The Physicians Voice in IT: Defining CMIO Roles & Responsibilities

The leadership role of the CMIO is becoming firmly established as a true clinical IT decision-maker and facilitator within many U.S. health systems, hospitals and large medical groups, mainly through relationships with physicians and medical staff. However, the responsibilities, roles and expectations, as well as the staff considerations of CMIOs, vary from facility to facility based on the unique reporting structure of that institution.

"Often, the CMIO is an advisor; [he or she is] on the frontline with responsibilities during the EHR implementation and during its overall lifecycle," says Vi Shaffer, research vice president and global industry services director for healthcare providers at Gartner, a technology research firm.

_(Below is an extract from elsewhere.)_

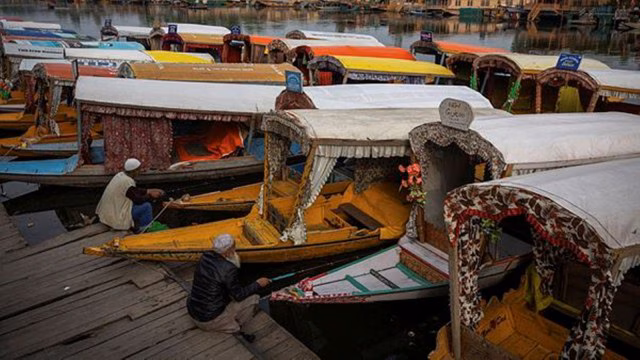 Telangana: सीमा पर तनाव के कारण 90 प्रतिशत पर्यटकों ने उत्तर भारत की यात्रा रद्द की Telangana: सीमा पर तनाव के कारण 90 प्रतिशत पर्यटकों ने उत्तर भारत की यात्रा रद्द की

CMIOs don't always make all the decisions, but they most often guide clinical IT decision outcomes. "He or she causes decisions to be made, and then, ensures these decisions are substantiated in the EHR," Shaffer says. The CMIO pushes clinical IT projects such as meaningful use metrics, accountable care organizations, pay for performance, as well as structure and documentation for the EHR.

A significant responsibility for the CMIO is physician alignment. For example, what if a prestigious physician or group doesn't want to use the new system? Statistics show that the CMIO gets actively involved in these thorny issues—but luckily they don't happen all too often.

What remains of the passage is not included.